In una Tokyo ormai preda delle organizzazioni criminali affiliate alla yakuza, si muove Otomo (Takeshi Kitano), delinquente di medio livello, insieme alla sua gang, falange armata della famiglia Ikemoto. A causa dei sospetti nei confronti di alcuni membri di un gruppo, il boss dell'organizzazione ordina a Otomo di regolare i conti con i traditori: tutto questo darà origine a una vorticosa escalation di violenza e omicidi, in seguito alla quale nessuno potrà più sentirsi al sicuro.

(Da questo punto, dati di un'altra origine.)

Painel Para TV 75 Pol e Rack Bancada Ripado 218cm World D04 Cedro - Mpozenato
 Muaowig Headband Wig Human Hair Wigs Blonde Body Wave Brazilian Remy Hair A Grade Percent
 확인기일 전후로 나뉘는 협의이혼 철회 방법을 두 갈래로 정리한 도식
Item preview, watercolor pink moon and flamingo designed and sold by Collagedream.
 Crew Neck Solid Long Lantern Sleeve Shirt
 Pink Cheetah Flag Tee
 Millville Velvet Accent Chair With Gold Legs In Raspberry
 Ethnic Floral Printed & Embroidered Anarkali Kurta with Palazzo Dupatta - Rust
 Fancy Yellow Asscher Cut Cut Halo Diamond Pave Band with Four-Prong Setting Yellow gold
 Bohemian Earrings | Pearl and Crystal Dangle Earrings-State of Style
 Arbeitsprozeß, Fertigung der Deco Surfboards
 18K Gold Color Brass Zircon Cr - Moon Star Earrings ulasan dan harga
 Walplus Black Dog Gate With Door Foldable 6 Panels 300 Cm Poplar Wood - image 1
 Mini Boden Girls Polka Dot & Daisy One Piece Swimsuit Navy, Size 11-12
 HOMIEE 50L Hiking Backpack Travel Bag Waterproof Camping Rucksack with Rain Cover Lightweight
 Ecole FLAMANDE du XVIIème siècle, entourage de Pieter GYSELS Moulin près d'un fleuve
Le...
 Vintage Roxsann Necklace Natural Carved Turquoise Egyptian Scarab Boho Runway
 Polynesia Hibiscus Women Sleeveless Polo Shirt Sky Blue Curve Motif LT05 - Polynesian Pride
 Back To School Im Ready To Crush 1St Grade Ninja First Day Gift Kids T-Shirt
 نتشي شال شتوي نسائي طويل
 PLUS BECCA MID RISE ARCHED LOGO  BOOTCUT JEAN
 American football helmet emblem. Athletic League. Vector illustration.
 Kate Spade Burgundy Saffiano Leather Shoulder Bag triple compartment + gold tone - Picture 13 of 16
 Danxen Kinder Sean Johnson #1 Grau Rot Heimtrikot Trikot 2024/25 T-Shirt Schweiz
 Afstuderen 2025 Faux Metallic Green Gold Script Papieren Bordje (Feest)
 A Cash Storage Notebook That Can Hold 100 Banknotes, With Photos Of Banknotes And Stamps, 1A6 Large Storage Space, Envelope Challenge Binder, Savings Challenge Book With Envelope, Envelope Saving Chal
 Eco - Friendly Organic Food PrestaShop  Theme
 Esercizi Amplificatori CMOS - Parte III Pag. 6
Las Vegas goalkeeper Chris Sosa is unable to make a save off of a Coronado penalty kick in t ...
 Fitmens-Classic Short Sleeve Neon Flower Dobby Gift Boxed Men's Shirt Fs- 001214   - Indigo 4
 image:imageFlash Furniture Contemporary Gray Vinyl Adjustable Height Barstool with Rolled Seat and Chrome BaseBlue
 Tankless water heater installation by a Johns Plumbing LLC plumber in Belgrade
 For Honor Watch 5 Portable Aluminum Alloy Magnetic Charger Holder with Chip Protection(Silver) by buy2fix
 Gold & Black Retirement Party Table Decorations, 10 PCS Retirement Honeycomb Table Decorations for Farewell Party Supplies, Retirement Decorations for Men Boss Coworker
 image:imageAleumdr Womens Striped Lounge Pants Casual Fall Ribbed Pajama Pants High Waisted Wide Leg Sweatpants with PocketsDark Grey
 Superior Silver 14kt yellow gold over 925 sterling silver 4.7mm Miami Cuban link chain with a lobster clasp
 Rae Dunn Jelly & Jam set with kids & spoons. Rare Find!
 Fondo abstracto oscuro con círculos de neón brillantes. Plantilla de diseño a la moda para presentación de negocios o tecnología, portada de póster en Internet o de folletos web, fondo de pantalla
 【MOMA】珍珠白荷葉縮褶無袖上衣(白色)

A dieci anni di distanza da Brother (2000), e dopo una trilogia incentrata sulla mancanza di ispirazione artistica (Takeshis' del 2005, Glory to the Filmmaker! del 2007 e Achille e la tartaruga del 2008), Takeshi Kitano torna a occuparsi di yakuza, scegliendo di costruire un'opera priva di quei sottotesti che gli avevano consentito, nella prima parte della sua carriera con film come Sonatine (1993) e Hana-bi (1997), di guardare al microcosmo malavitoso con sguardo decisamente poco convenzionale. Qualche traccia di humour, tanta azione, e un'evidente nostalgia nei confronti di un mondo che non conosce più regole o codici d'onore. La capacità di Kitano di costruire con innegabile maestria sequenze splendidamente coreografate respinge la noia, anche se col passare dei minuti la meccanica riproposizione di situazioni e meccanismi narrativi fa deragliare Outrage dai binari della compiutezza.